**WORK REQUIRED**
Your answer must be the listing repeated word for word, without its pictures.
==== RECORDED DATA
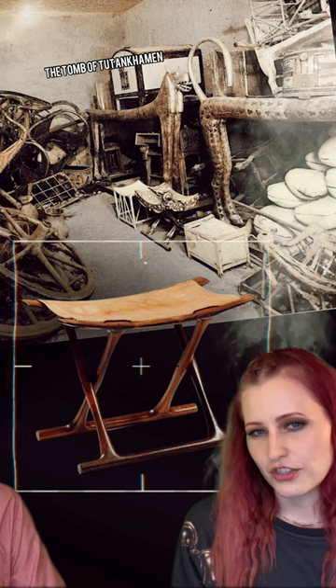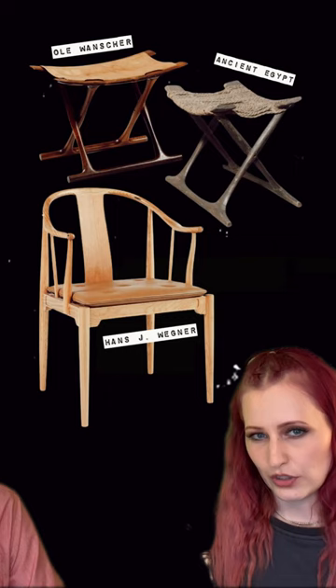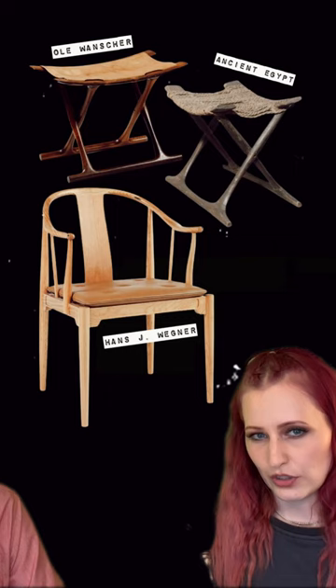His four-board chair, designed in 1914, is often considered to be the first ever truly modern chair designed in Denmark. According to Klint, a furniture designer should always study antique and even ancient furniture models before even thinking of designing furniture. Furniture design became all about refinement instead of revolutionary innovations.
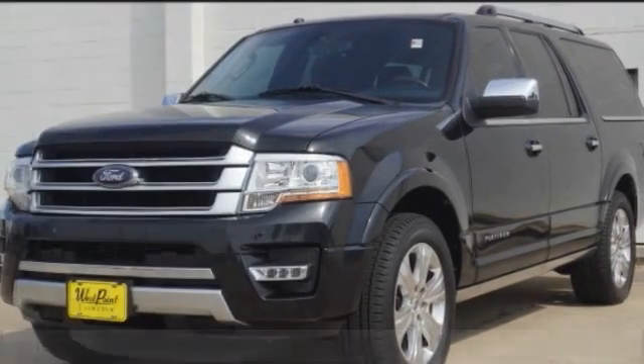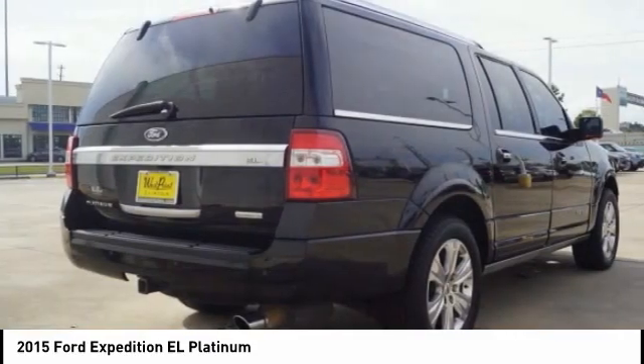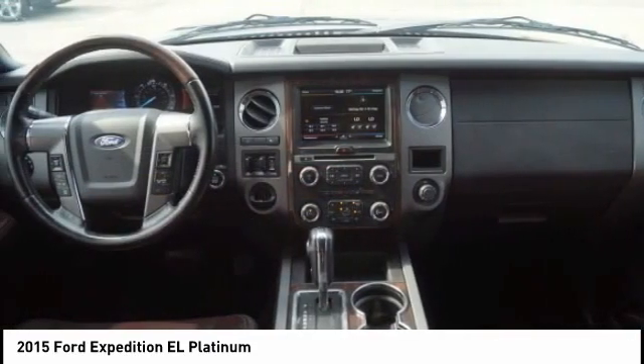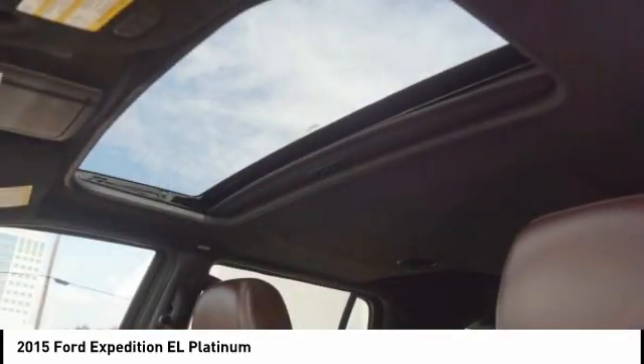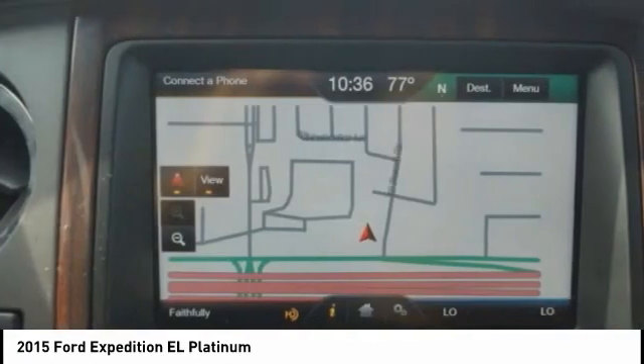You love the 2015 Expedition EL. This is the largest SUV in the Ford lineup with seating capabilities of up to nine people. The Expedition EL is the elongated version of the standard Expedition and offers generous cabin space, aggressive looks, and outstanding towing capabilities.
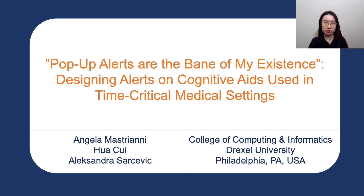Hi, we are researchers from Drexel University. Our study is designing alerts on cognitive aids used in time-critical medical settings.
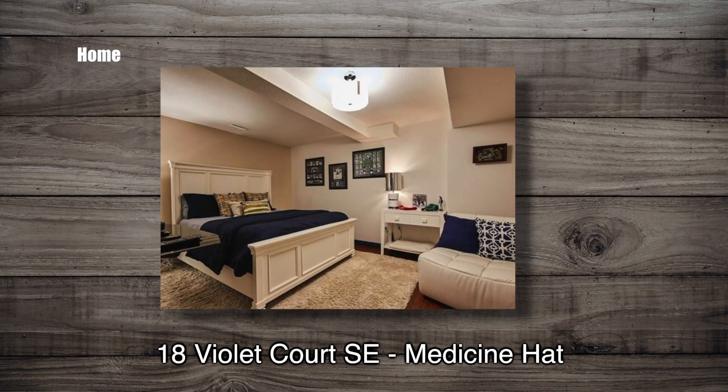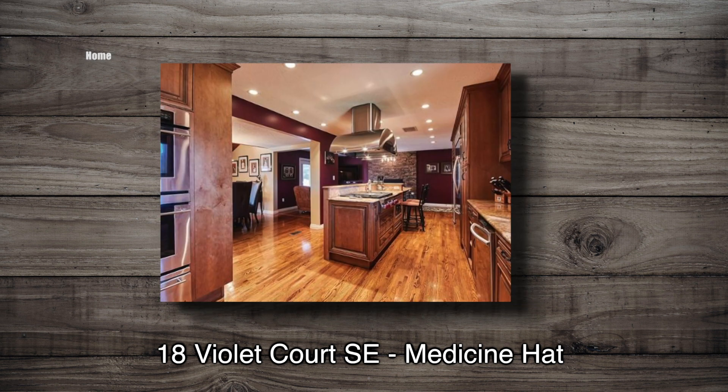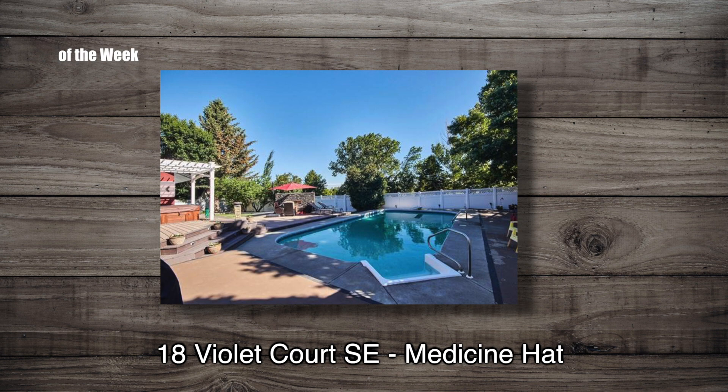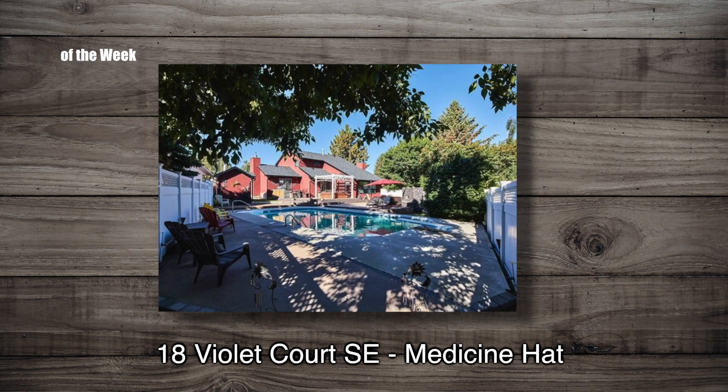This three-bedroom up, three-bedroom down, and three-bathroom home comes with a kitchen fit for a chef and vaulted ceilings. The outdoor living area comes with a golf course view, massive deck, and swimming pool.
========
**OUTPUT OF THE TASK**
His four-board chair, designed in 1914, is often considered to be the first ever truly modern chair designed in Denmark. According to Klint, a furniture designer should always study antique and even ancient furniture models before even thinking of designing furniture. Furniture design became all about refinement instead of revolutionary innovations.
You love the 2015 Expedition EL. This is the largest SUV in the Ford lineup with seating capabilities of up to nine people. The Expedition EL is the elongated version of the standard Expedition and offers generous cabin space, aggressive looks, and outstanding towing capabilities.
Hi, we are researchers from Drexel University. Our study is designing alerts on cognitive aids used in time-critical medical settings.
This three-bedroom up, three-bedroom down, and three-bathroom home comes with a kitchen fit for a chef and vaulted ceilings. The outdoor living area comes with a golf course view, massive deck, and swimming pool.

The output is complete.